JP2753339B2 - Multi-function pump - Google Patents

Description

DETAILED DESCRIPTION OF THE INVENTION <Industrial application field> The present invention relates to a multifunctional pump in which a vacuum pump and a compressor are arranged on the same rotating plane.

<Prior Art> A multifunctional pump in which a plurality of vanes are provided slidably in the radial direction at equal intervals on the circumference of a rotor eccentrically rotating in a pump housing, and a compressor and a vacuum pump are arranged on the same rotation plane is known. It is.

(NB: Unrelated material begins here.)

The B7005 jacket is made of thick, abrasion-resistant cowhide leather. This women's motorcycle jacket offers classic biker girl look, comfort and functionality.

<Problem to be Solved by the Invention> In this type of multifunctional pump, in a compressor region, when the vane ejection force due to the rotational centrifugal force is smaller than the vane pushing force due to the compressor pressure, the outer periphery of the rotor is inside the pump housing. A pressure leaks from the vane tip to the vacuum side in the seal section where the volume of the pump chamber shifts from the contraction operation to the expansion operation in contact with the circumference, and the vacuum performance is reduced. In order to prevent this, it is necessary to manage the clearance between the outer periphery of the rotor in the seal section and the inner periphery of the pump housing. Then, a very precise tolerance is required, and there is a problem that the clearance management is extremely difficult.

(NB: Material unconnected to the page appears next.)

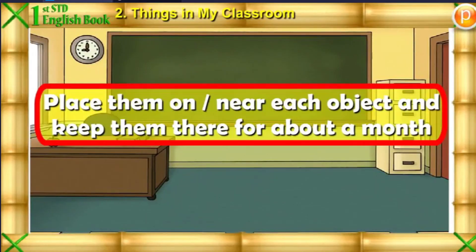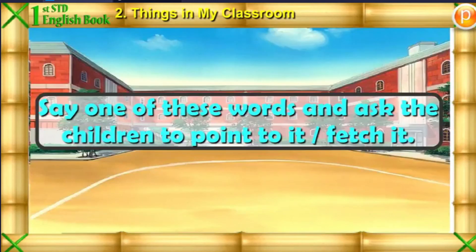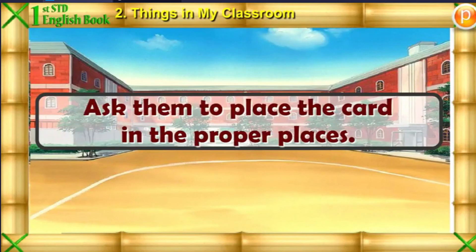Place them on or near each object and keep them there for about a month. Have the children read the words from time to time. Say one of these words and ask the children to point to it or fetch it. Collect all the cards and hand them out to the children. Ask them to place the cards in the proper places.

<Means for Solving the Problems> The present invention has been made in view of the above problems,
A rotor is rotatably housed in the pump housing, and a plurality of vanes are provided on the circumference of the rotor so as to be slidable in the radial direction. The vanes are formed between the pump housing and the rotor by the vanes. The space is circumferentially divided into a plurality of pump chambers, a vacuum suction port is opened at the beginning of the expansion pump chamber whose volume increases due to the rotation of the rotor, and a compressor suction port is opened at the end of the expansion pump chamber. A pump having a compressor discharge port opened at the end of a contraction pump chamber whose volume is reduced by rotation of the rotor, wherein a plastic coating layer is formed on the outer periphery of the rotor.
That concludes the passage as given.